• [Description of the task]
Transcribe the entries below exactly as they appear.

• [Provided records]
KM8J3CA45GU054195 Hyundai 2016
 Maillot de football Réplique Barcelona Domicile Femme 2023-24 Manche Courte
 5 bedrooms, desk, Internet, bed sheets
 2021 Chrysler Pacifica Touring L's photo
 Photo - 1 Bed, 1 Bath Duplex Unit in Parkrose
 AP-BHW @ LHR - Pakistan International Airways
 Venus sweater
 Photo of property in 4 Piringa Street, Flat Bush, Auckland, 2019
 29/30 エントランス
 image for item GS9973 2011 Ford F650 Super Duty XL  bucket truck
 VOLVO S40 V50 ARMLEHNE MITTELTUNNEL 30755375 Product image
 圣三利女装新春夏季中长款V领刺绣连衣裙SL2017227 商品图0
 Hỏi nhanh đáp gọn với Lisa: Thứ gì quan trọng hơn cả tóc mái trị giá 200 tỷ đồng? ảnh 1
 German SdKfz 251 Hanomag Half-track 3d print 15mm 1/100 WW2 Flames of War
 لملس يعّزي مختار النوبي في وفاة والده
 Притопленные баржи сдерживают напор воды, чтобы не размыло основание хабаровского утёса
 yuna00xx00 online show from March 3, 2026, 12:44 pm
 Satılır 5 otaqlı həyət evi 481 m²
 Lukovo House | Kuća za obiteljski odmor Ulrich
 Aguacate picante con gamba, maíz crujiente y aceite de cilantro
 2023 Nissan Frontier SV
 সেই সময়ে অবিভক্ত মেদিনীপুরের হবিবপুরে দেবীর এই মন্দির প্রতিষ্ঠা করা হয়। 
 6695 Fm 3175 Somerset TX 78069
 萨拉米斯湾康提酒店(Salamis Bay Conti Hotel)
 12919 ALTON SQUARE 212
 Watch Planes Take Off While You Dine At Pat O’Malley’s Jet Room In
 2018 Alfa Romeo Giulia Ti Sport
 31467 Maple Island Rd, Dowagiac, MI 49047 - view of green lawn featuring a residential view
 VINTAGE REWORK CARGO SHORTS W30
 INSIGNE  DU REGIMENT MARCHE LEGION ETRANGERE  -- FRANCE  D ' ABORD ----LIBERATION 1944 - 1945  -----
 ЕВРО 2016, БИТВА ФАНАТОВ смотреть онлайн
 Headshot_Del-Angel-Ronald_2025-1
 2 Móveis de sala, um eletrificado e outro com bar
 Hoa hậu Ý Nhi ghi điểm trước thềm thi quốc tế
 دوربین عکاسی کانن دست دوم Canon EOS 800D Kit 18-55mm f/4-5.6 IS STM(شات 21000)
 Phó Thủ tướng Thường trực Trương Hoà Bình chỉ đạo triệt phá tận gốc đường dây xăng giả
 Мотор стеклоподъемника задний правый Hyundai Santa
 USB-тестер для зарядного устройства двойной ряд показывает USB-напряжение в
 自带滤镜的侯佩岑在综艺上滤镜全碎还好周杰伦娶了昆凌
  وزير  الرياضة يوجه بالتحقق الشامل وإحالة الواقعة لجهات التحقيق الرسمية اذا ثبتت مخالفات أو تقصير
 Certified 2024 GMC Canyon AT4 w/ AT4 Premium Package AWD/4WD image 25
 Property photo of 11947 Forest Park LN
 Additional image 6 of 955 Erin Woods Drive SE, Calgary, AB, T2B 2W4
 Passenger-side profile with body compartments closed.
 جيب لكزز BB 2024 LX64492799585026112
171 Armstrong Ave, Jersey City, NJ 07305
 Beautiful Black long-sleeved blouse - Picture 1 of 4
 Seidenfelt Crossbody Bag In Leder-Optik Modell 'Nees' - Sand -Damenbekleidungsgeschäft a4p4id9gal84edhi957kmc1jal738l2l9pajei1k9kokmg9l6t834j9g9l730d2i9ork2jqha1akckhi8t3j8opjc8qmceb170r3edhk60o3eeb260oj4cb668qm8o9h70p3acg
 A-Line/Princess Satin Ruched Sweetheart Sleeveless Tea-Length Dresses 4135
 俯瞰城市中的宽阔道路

• [Expected answer]
KM8J3CA45GU054195 Hyundai 2016
 Maillot de football Réplique Barcelona Domicile Femme 2023-24 Manche Courte
 5 bedrooms, desk, Internet, bed sheets
 2021 Chrysler Pacifica Touring L's photo
 Photo - 1 Bed, 1 Bath Duplex Unit in Parkrose
 AP-BHW @ LHR - Pakistan International Airways
 Venus sweater
 Photo of property in 4 Piringa Street, Flat Bush, Auckland, 2019
 29/30 エントランス
 image for item GS9973 2011 Ford F650 Super Duty XL  bucket truck
 VOLVO S40 V50 ARMLEHNE MITTELTUNNEL 30755375 Product image
 圣三利女装新春夏季中长款V领刺绣连衣裙SL2017227 商品图0
 Hỏi nhanh đáp gọn với Lisa: Thứ gì quan trọng hơn cả tóc mái trị giá 200 tỷ đồng? ảnh 1
 German SdKfz 251 Hanomag Half-track 3d print 15mm 1/100 WW2 Flames of War
 لملس يعّزي مختار النوبي في وفاة والده
 Притопленные баржи сдерживают напор воды, чтобы не размыло основание хабаровского утёса
 yuna00xx00 online show from March 3, 2026, 12:44 pm
 Satılır 5 otaqlı həyət evi 481 m²
 Lukovo House | Kuća za obiteljski odmor Ulrich
 Aguacate picante con gamba, maíz crujiente y aceite de cilantro
 2023 Nissan Frontier SV
 সেই সময়ে অবিভক্ত মেদিনীপুরের হবিবপুরে দেবীর এই মন্দির প্রতিষ্ঠা করা হয়। 
 6695 Fm 3175 Somerset TX 78069
 萨拉米斯湾康提酒店(Salamis Bay Conti Hotel)
 12919 ALTON SQUARE 212
 Watch Planes Take Off While You Dine At Pat O’Malley’s Jet Room In
 2018 Alfa Romeo Giulia Ti Sport
 31467 Maple Island Rd, Dowagiac, MI 49047 - view of green lawn featuring a residential view
 VINTAGE REWORK CARGO SHORTS W30
 INSIGNE  DU REGIMENT MARCHE LEGION ETRANGERE  -- FRANCE  D ' ABORD ----LIBERATION 1944 - 1945  -----
 ЕВРО 2016, БИТВА ФАНАТОВ смотреть онлайн
 Headshot_Del-Angel-Ronald_2025-1
 2 Móveis de sala, um eletrificado e outro com bar
 Hoa hậu Ý Nhi ghi điểm trước thềm thi quốc tế
 دوربین عکاسی کانن دست دوم Canon EOS 800D Kit 18-55mm f/4-5.6 IS STM(شات 21000)
 Phó Thủ tướng Thường trực Trương Hoà Bình chỉ đạo triệt phá tận gốc đường dây xăng giả
 Мотор стеклоподъемника задний правый Hyundai Santa
 USB-тестер для зарядного устройства двойной ряд показывает USB-напряжение в
 自带滤镜的侯佩岑在综艺上滤镜全碎还好周杰伦娶了昆凌
  وزير  الرياضة يوجه بالتحقق الشامل وإحالة الواقعة لجهات التحقيق الرسمية اذا ثبتت مخالفات أو تقصير
 Certified 2024 GMC Canyon AT4 w/ AT4 Premium Package AWD/4WD image 25
 Property photo of 11947 Forest Park LN
 Additional image 6 of 955 Erin Woods Drive SE, Calgary, AB, T2B 2W4
 Passenger-side profile with body compartments closed.
 جيب لكزز BB 2024 LX64492799585026112
171 Armstrong Ave, Jersey City, NJ 07305
 Beautiful Black long-sleeved blouse - Picture 1 of 4
 Seidenfelt Crossbody Bag In Leder-Optik Modell 'Nees' - Sand -Damenbekleidungsgeschäft a4p4id9gal84edhi957kmc1jal738l2l9pajei1k9kokmg9l6t834j9g9l730d2i9ork2jqha1akckhi8t3j8opjc8qmceb170r3edhk60o3eeb260oj4cb668qm8o9h70p3acg
 A-Line/Princess Satin Ruched Sweetheart Sleeveless Tea-Length Dresses 4135
 俯瞰城市中的宽阔道路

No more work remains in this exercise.